Voice & Messaging
These principles are non-negotiable for all public language, website copy, press, investor materials, and agent-generated content.
Lead with verifiability, not accusation
Every public claim must be traceable to preserved, challengeable records.
Say “institutional misconduct” before naming categories of abuse
This keeps the frame on systems and evidence rather than individual villains.
Avoid claiming corruption where the evidence layer has not been shown
We do not assert motive or conspiracy without the receipts that would survive adversarial scrutiny.
Use “patterns,” “records,” “attestations,” “challengeability,” and “falsifiability”
These words signal infrastructure, not narrative.
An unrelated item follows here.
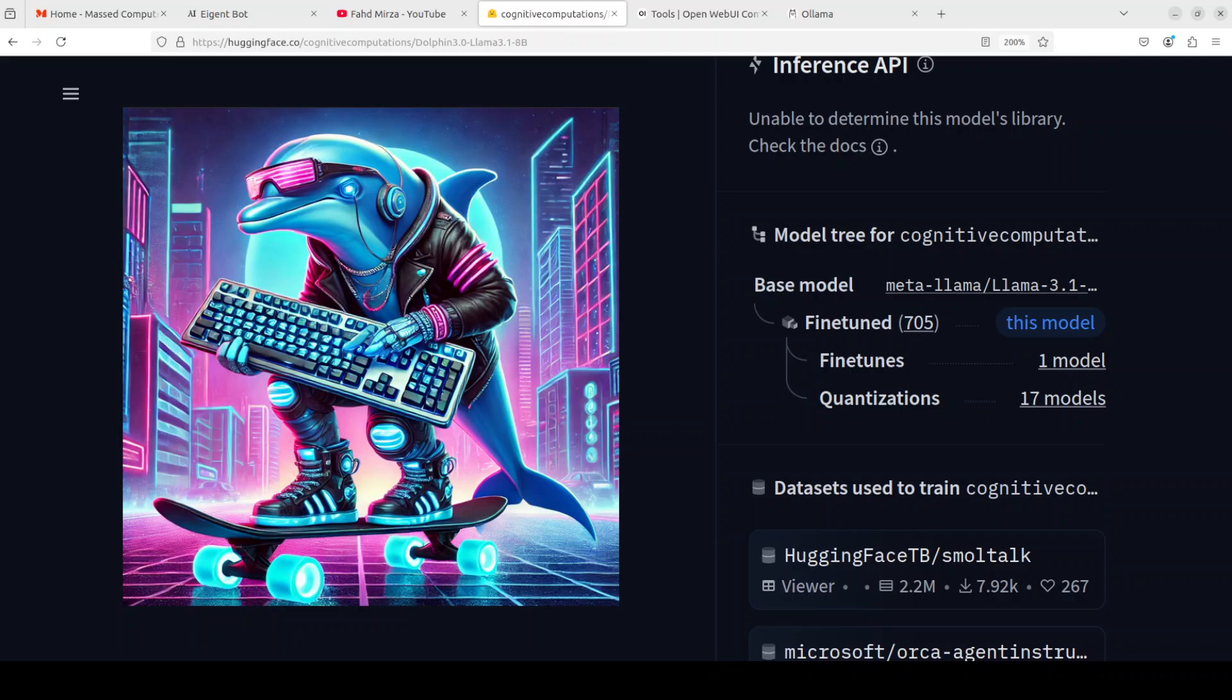Hello everyone, this is Fahad Mirza and I welcome you to the channel. As promised, this video is about how to use function calling capabilities of the newly released Dolphin 3 models.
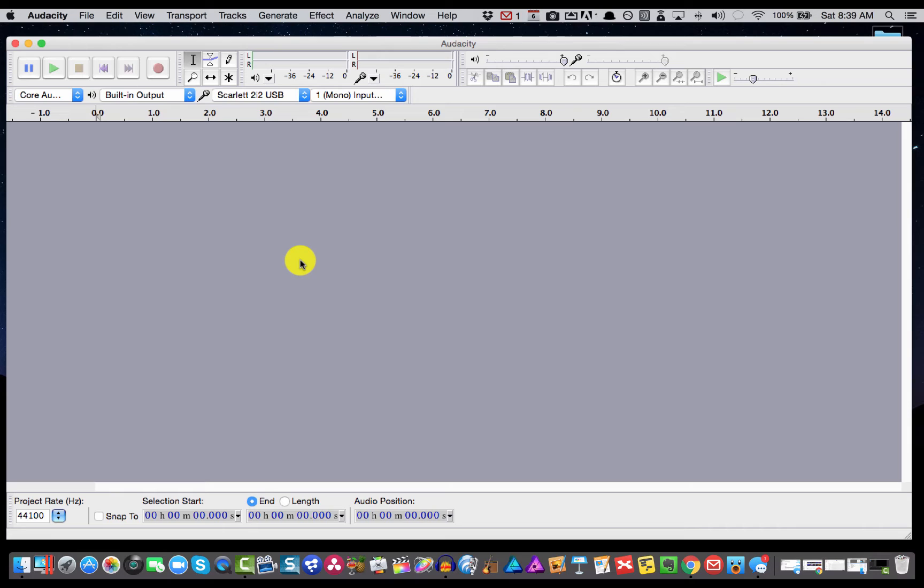So here we are in Audacity and I'm just going to record some audio, but I'm going to speak slide one, slide two and label them as I go. So watch how I do this.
Never ask the audience to believe; ask them to inspect
The goal is not belief. The goal is the ability to test.
Do not center individual victimhood. Center repeatable proof
Isolated pain can be dismissed. Patterns of institutional behavior cannot.
Strong emotion is acceptable only when anchored to evidence architecture
The feeling must serve the proof, not the other way around.
NORA Foundation does not ask the public to accept extraordinary claims on trust. We build systems where serious claims can be preserved, challenged, verified, and reviewed.
This restraint clause appears on the Mission, Manifesto, and in any context where the language intensifies.
Full internal version available to collaborators in the repository.